A collaboration of historians, Roman archaeologists, architectural historians and philologists to explore the Iberian peninsula in antiquity. Tolentum offers scholars a constant exchange and to present their findings at the yearly organized workshop.
[ more ]
Research Fellows
Jeffrey Haines (Ph.D Candidate in the History Department at the University of Washington, Seattle) was a research fellow June 5 - July 5, 2019. His research project, titled: Mosul’s Hinterland: Monastery and Village in Early Islamic Iraq and Anatolia, examines the relationship between village, monastery, and rural culture north of Mosul in the late Umayyad and mid-‘Abbasid period using Syriac sources. An abundance of Syriac literature survives from the period, including canon law, chronicles, and hagiographies, all of which provide glimpses into the customs, social relations, and tensions of rural life. His work relies in particular on monastic histories, a genre which relates the story of a given monastery over three or four generations. Because these histories focus in detail on a small area and the networks which connect those areas to the broader region, they also present smaller, more intimate examples of local Christian-Muslim and urban-rural interactions, as well as the place of Christian spiritual centers in the early Islamic world, than chronicles or political histories.
Sandra Suárez García ( Medieval History and Historiographic Sciences and Techniques Department of the University of Granada) was a research fellow Sep. 20 - Dec. 20, 2018. She is currently a pre-doctoral research fellow at the project “Aristocratic Property in Nasrid Granada and its Transfer to the Castilian Society after the Conquest (13th-16th Centuries)”, while she finishes her doctoral thesis in “Aristocratic Property in the Kingdom of Granada”. She is also a member of the Medieval History and Historiographic Sciences and Techniques Department of the University of Granada, where she teaches Later Middle Ages. Previously, she received a master degree in history with the topic: “From Europe to America. Societies, Powers and Cultures at the University of Granada” from the University of Santiago de Compostela. Her research focuses mainly on the material base of the Nasrid elite and its transformation and the transfer of property after the conquest from its Muslim owners to the Castilian aristocracy. She is the author of “Los habices de la Vega de Granada como forma de conocimiento del reino nazarí y su transformación tras la conquista: La alquería de La Zubia” (Espacio, Tiempo y Forma. Historia Medieval, nº 31, 2018). She also worked on the the Jewish community of the Nasrid Kingdom in her Master’s thesis: The Jews of the Kingdom of Granada: From the Nasrid Domain to the Castilian conquest.
Dr. Guo Yunyan (Hebei University, China) was a visiting scholar at Universität Hamburg Nov. 21 - Dec. 15. 2017. She finished her dissertation at the Nankai University in 2006. In her thesis she discussed Byzantine coins and their imitations found in China. It remains the most comprehensive numismatic study in this field so far. Before teaching at Hebei University, she completed a postdoctoral program in the Department of History at the Peking University on the formation of modern Greece. During her academic formation, she studied at the University of Athens and the Center for Hellenic Studies, Princeton University as visiting student.

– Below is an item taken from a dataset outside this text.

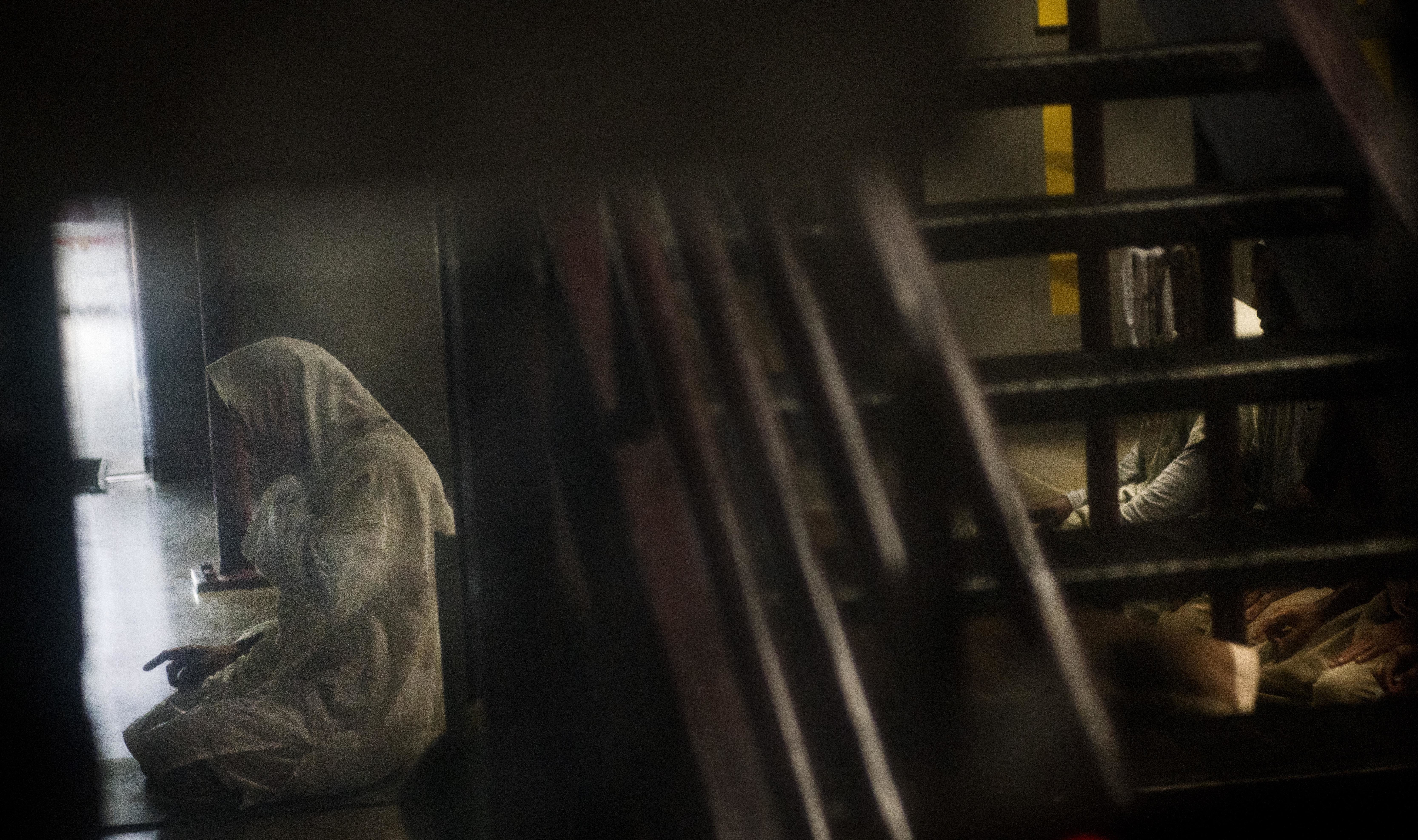 AP PHOTOS: A glimpse into life in Cuba's 2 Guantanamos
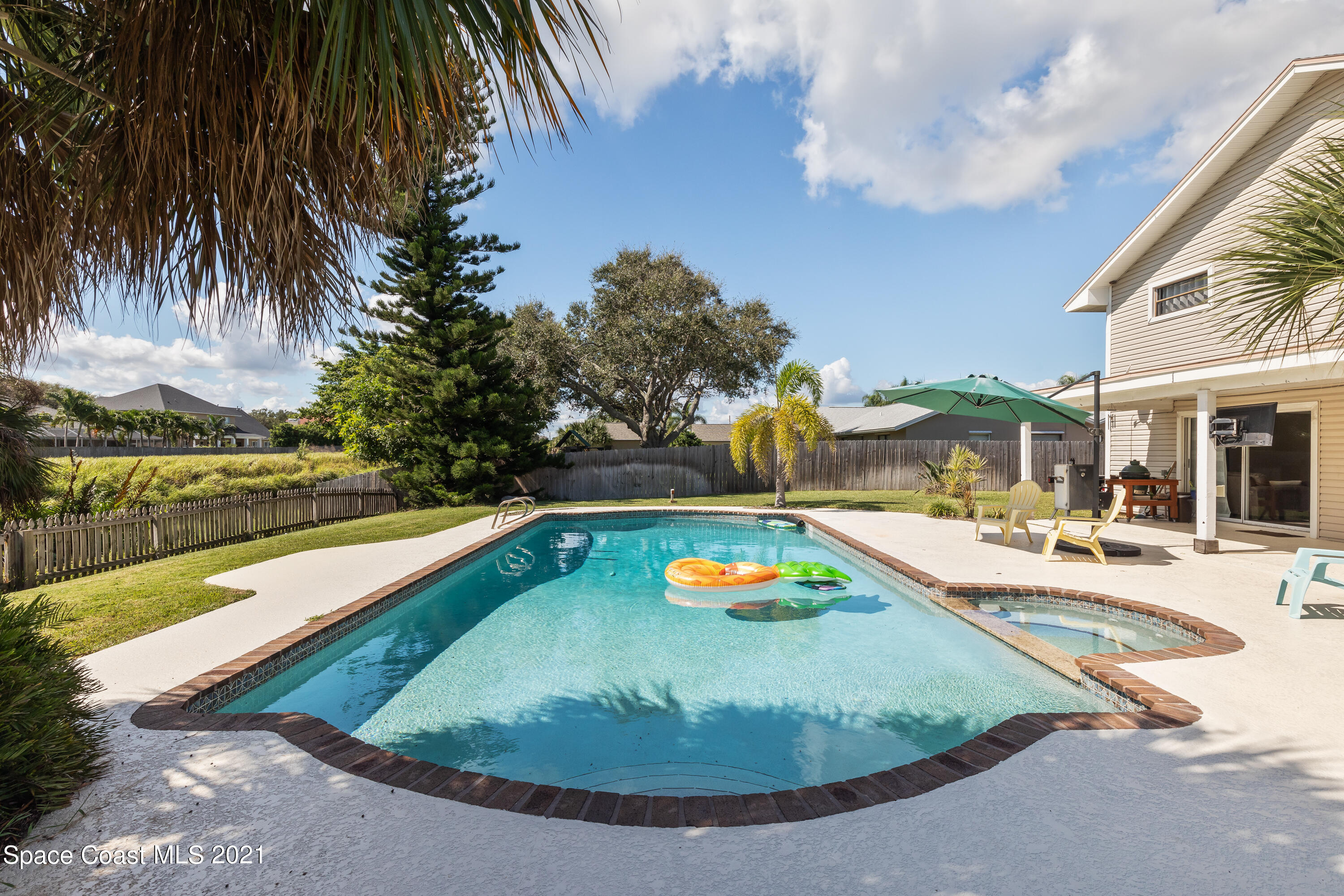 247 Sand Dollar Road Indialantic, FL 32903 - Photo 19 of 28 Pool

Adrien de Jarmy (PhD Student at Sorbonne Université (anciennement Paris-IV)) was a research fellow at the ERC project the Early Islamic Empire at Work April - May 2015, preparing his doctor thesis La construction historiographique de la figure du Prophète dans les sources des débuts de l’Islam, VIIe-Xe siècle under the supervision of Prof. Mathieu Tillier (Sorbonne Université). During his stay in Hamburg, he worked mainly on “L'épopée des Arabes : analyse comparative des maghāzī et des futūḥāt, VIIIe-Xe siècle”.